From the line containing "7243 Kittyhawk Street, Fontana, CA 92336" through the end of the material below, output each line exactly as written, with pictures excluded.

Exercise data: Begin

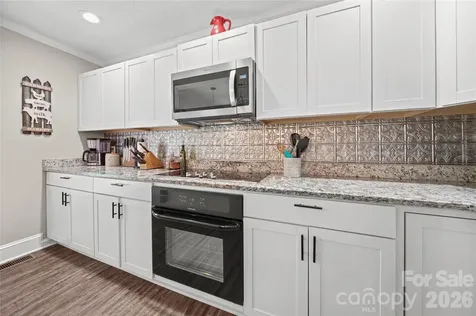 1650 Forest Lake Drive Rock Hill SC 29732
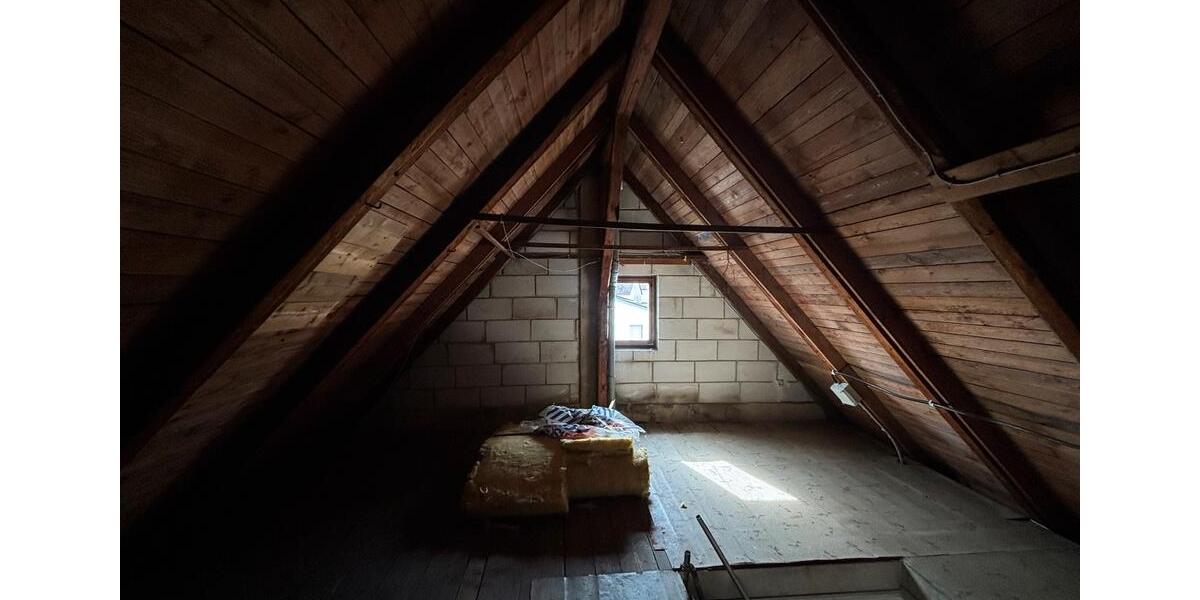 Einfamilienhaus Sulzbach-Rosenberg Rosenberg - 325.000&euro; | Angebot:26355212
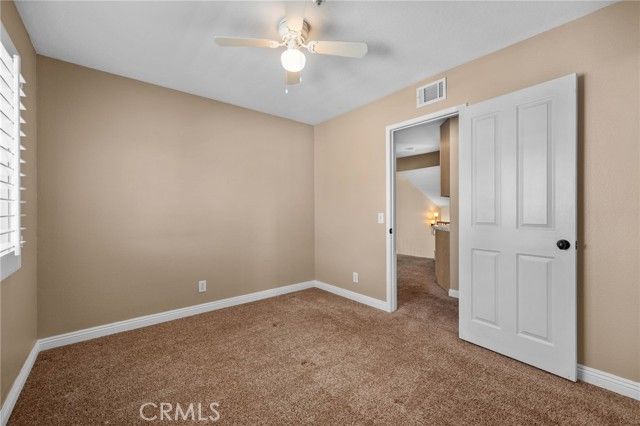 7243 Kittyhawk Street, Fontana, CA 92336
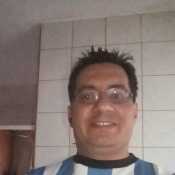 lindon628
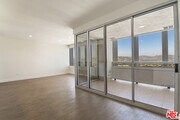 Photo - 735 Hauser Blvd Condo Unit PH3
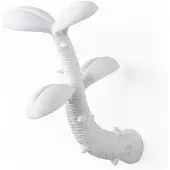 Seletti Portemanteau Sprout moyen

Exercise data: End

§ Task output:
 7243 Kittyhawk Street, Fontana, CA 92336
 lindon628
 Photo - 735 Hauser Blvd Condo Unit PH3
 Seletti Portemanteau Sprout moyen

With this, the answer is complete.